__EXERCISE INSTRUCTIONS__:
Everything below from the line with "The topic for" through the line with "First, we'll start" should be copied exactly, and nothing else; leave out the pictures.

__STORED DATA__:
+-------+

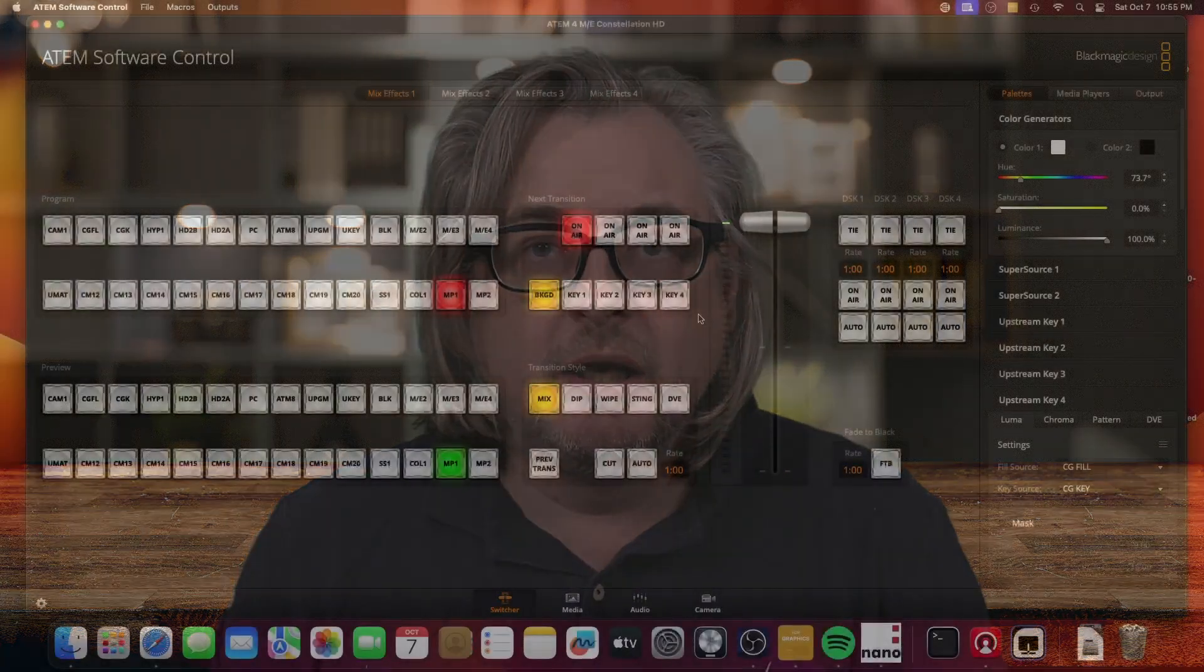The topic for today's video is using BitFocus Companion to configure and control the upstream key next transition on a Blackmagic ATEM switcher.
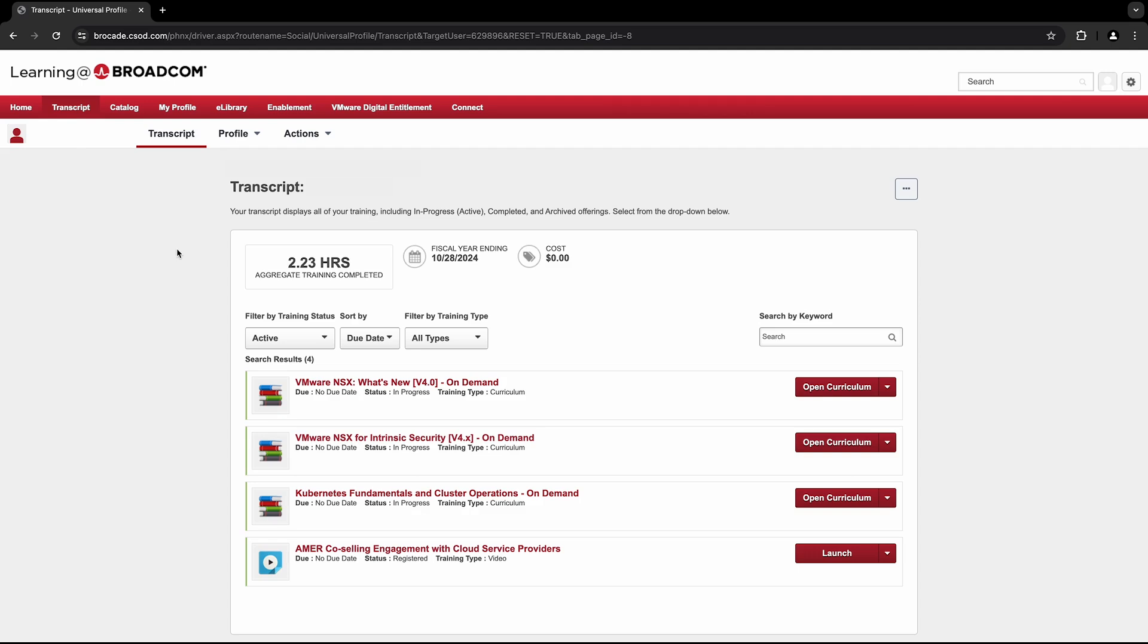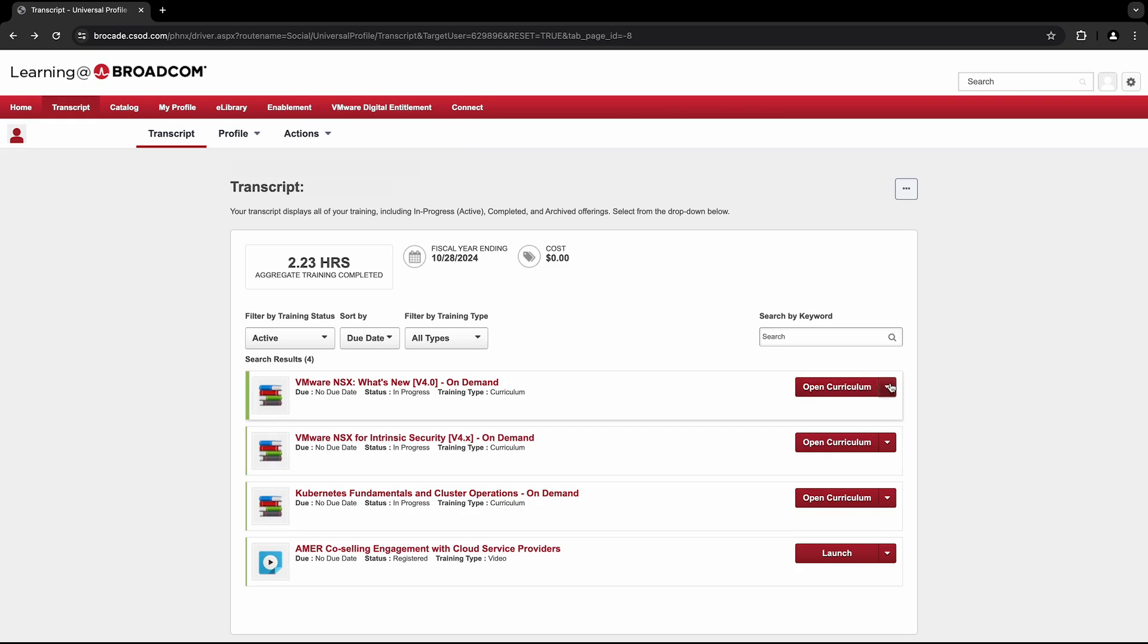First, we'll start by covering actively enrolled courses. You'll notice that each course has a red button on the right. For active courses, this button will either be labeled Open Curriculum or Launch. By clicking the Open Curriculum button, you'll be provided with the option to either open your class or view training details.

+-------+

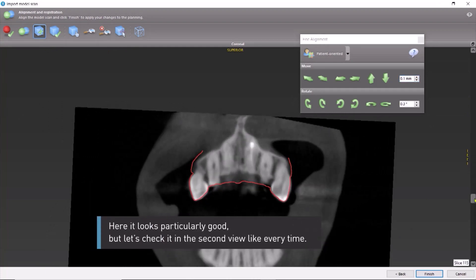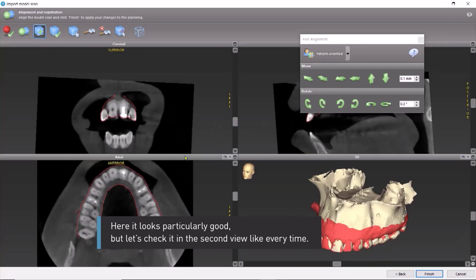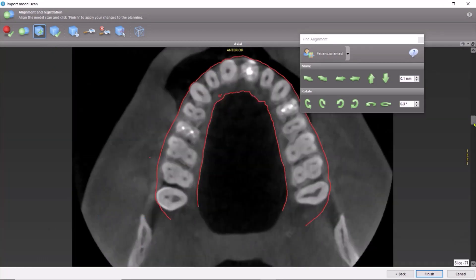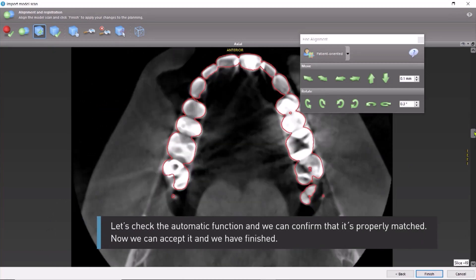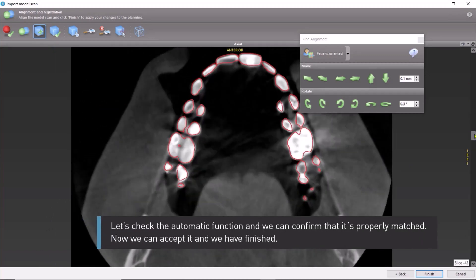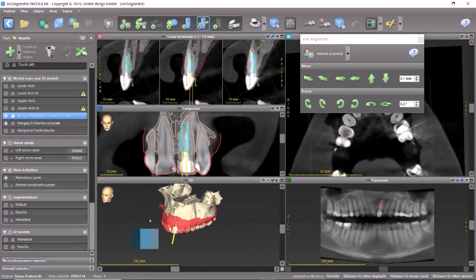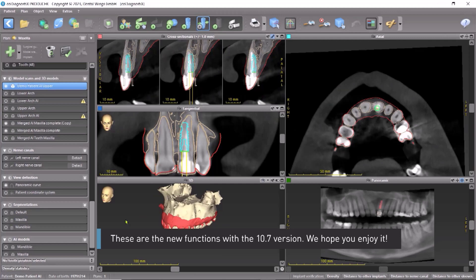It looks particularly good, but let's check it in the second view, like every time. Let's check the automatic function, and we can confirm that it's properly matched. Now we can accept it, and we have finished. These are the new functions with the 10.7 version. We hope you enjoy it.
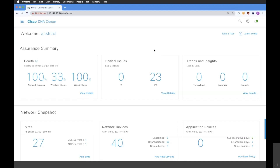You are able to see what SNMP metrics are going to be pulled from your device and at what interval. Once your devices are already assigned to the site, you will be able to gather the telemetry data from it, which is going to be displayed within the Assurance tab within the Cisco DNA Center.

+-------+

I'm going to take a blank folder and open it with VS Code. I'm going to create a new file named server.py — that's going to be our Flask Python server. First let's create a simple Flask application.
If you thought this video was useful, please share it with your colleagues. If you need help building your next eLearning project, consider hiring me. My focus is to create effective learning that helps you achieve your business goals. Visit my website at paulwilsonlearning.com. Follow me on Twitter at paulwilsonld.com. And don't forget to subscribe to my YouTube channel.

+-------+

__WRITTEN SOLUTION__:
The topic for today's video is using BitFocus Companion to configure and control the upstream key next transition on a Blackmagic ATEM switcher.
First, we'll start by covering actively enrolled courses. You'll notice that each course has a red button on the right. For active courses, this button will either be labeled Open Curriculum or Launch. By clicking the Open Curriculum button, you'll be provided with the option to either open your class or view training details.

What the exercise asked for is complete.